Chagas Disease
It is estimated that as many as 8 to 11 million people in Mexico, Central
America, and South America have Chagas disease. Most people are asymptomatic and
do not know they are infected. However, approximately 20 to 30 percent of those
with chronic infection will develop clinically apparent disease, making it a
significant public health concern.
Chagas disease is caused by infection with Trypanosoma cruzi, a protozoan
parasite.
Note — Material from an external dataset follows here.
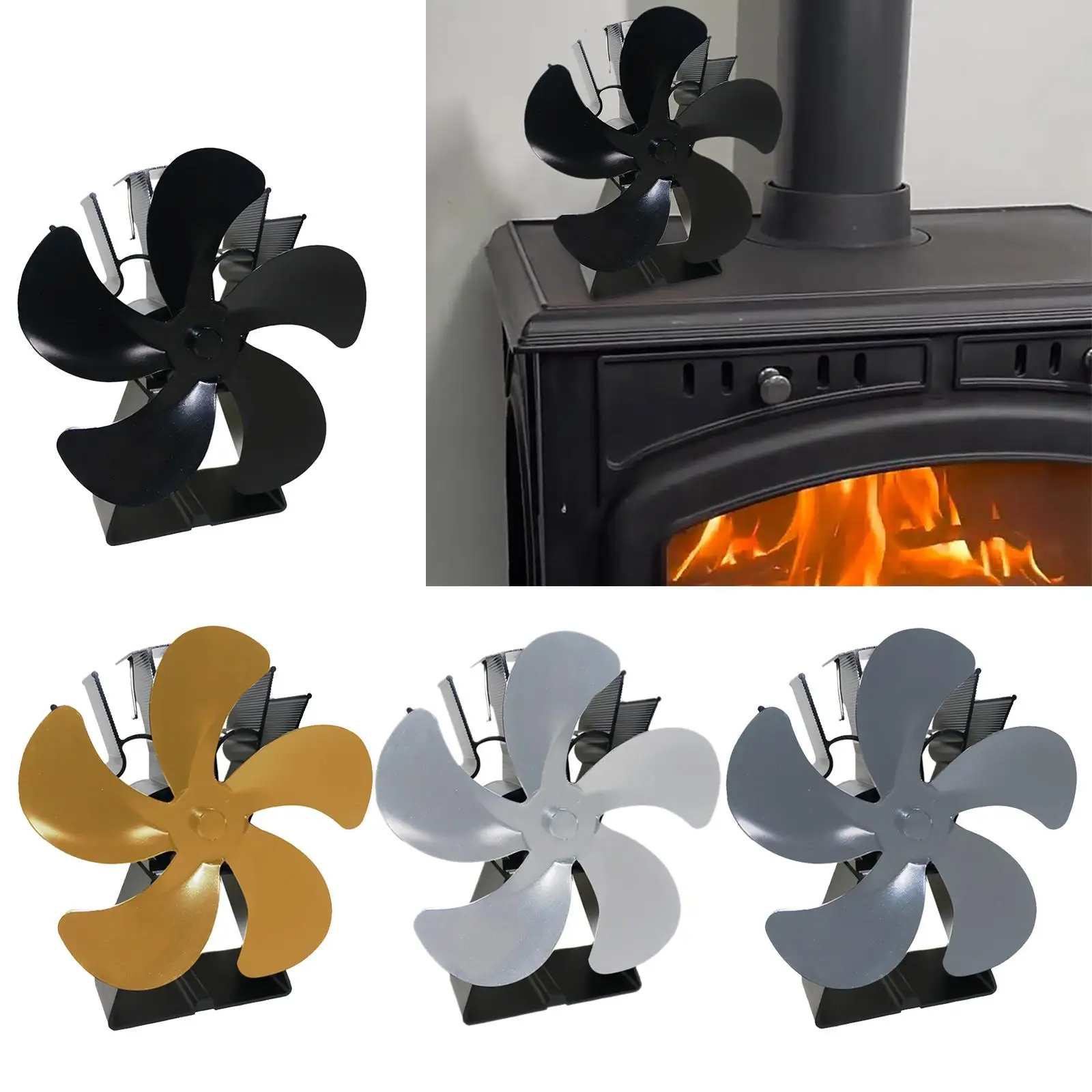 5 Silent Thermometer Burner Efficient Heat Powered stove Fan for Fireplace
In Chagas endemic countries, it is typically transmitted by infected
triatomine bugs (commonly known as kissing bugs). The insects defecate during or
after feeding and the feces enter the human body through the bite wound or
mucous membranes. Alternatively, transmission can occur congenitally (from
mother to infant), through blood transfusion or organ transplantation,
accidental laboratory exposure, or rarely through ingestion of food contaminated
by infected bugs. Transmission in the United States is rare and does not follow
the same pattern as endemic countries. Congenital and transfusion transmission
are more common, mostly attributed to better housing conditions. Additionally,
the triatomine species present in the United States (Triatoma sanguisuga) prefer
animal hosts and do not defecate immediately after feeding.
 
Although local transmission in Florida has not yet been documented, it is
possible due to the demonstrated presence of both infected triatomine bugs and
infected reservoirs such as raccoons. There have been cases of autochthonous
transmission in Texas, Tennessee, California, and Louisiana. People in less
affluent areas of Florida likely have a greater chance of becoming infected.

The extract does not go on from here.